▶ About this exercise
The pictures in the listing below are to be skipped, while the lines between the line holding "Măsuță de cafea" and the line holding "Addicted To Danger", inclusive, are to be output exactly.

▶ Provided records
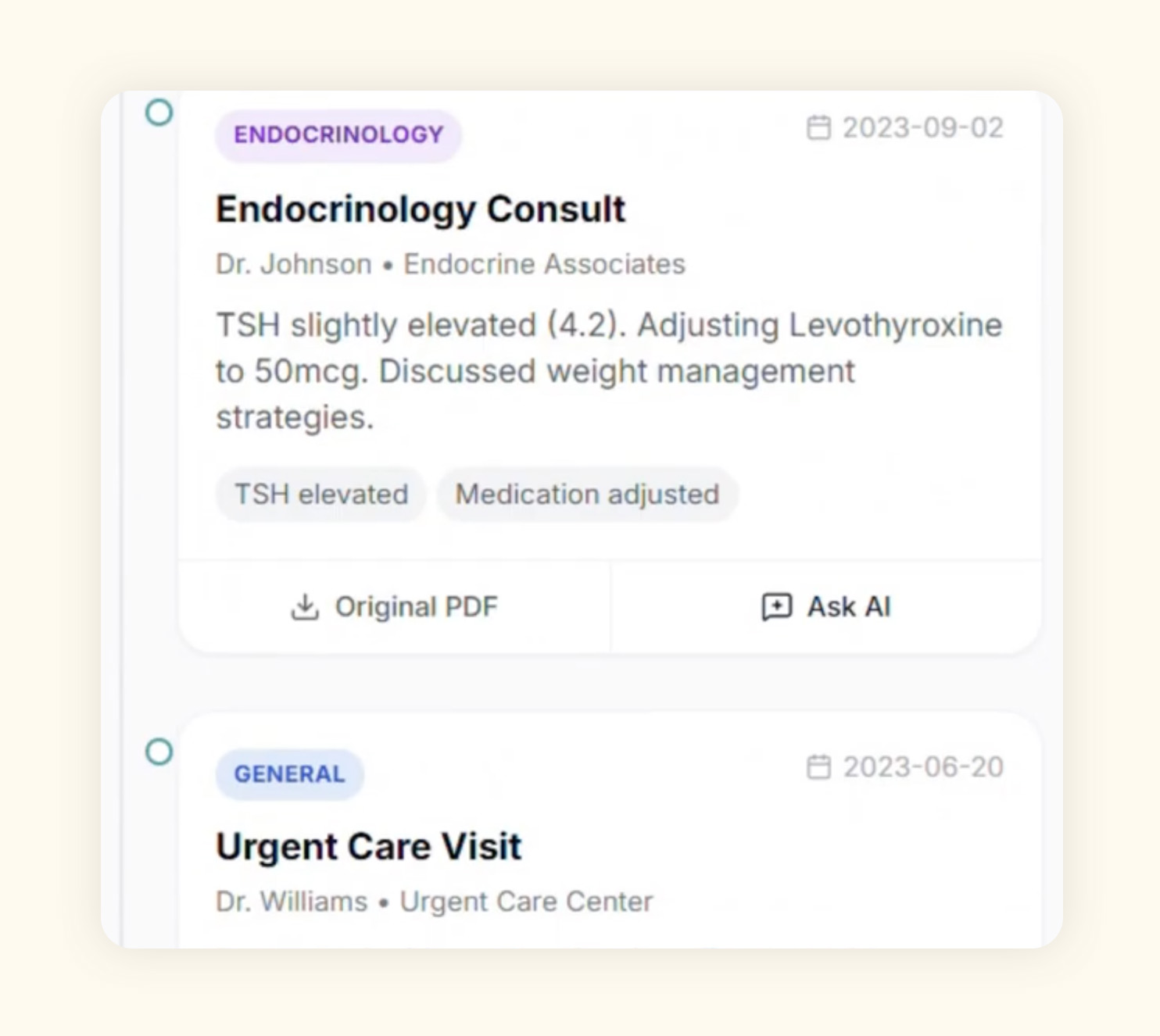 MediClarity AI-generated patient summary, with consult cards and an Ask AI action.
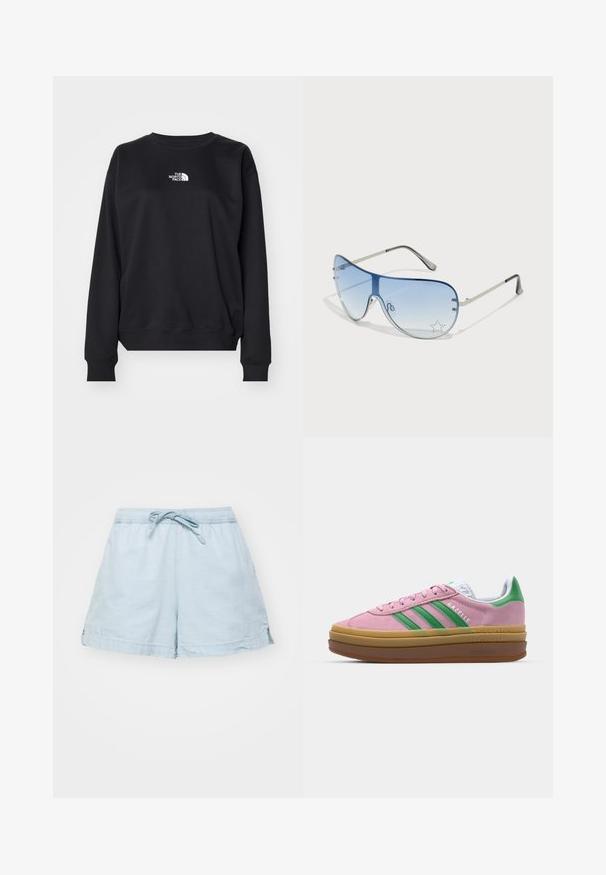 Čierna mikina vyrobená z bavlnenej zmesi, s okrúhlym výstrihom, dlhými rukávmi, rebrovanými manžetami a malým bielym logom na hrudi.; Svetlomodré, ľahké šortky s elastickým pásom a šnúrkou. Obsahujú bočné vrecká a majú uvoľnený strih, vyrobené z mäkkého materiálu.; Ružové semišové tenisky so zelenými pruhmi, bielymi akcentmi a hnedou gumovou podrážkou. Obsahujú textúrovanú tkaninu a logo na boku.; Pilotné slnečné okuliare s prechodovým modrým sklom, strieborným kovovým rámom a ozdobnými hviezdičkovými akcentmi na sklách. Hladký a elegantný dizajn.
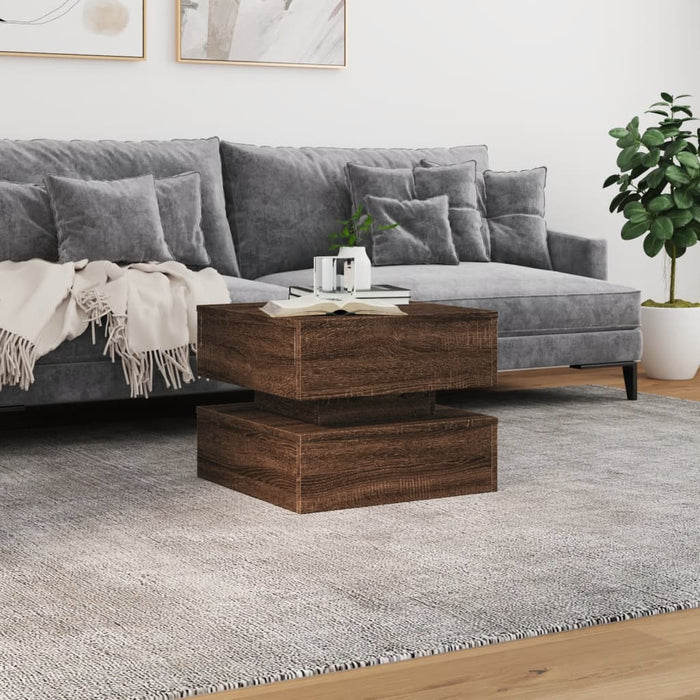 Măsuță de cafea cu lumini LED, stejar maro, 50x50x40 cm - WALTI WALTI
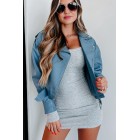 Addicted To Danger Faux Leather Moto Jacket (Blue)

---

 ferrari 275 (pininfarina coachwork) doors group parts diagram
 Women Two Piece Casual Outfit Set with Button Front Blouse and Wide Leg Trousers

▶ Answer for this exercise
 Măsuță de cafea cu lumini LED, stejar maro, 50x50x40 cm - WALTI WALTI
 Addicted To Danger Faux Leather Moto Jacket (Blue)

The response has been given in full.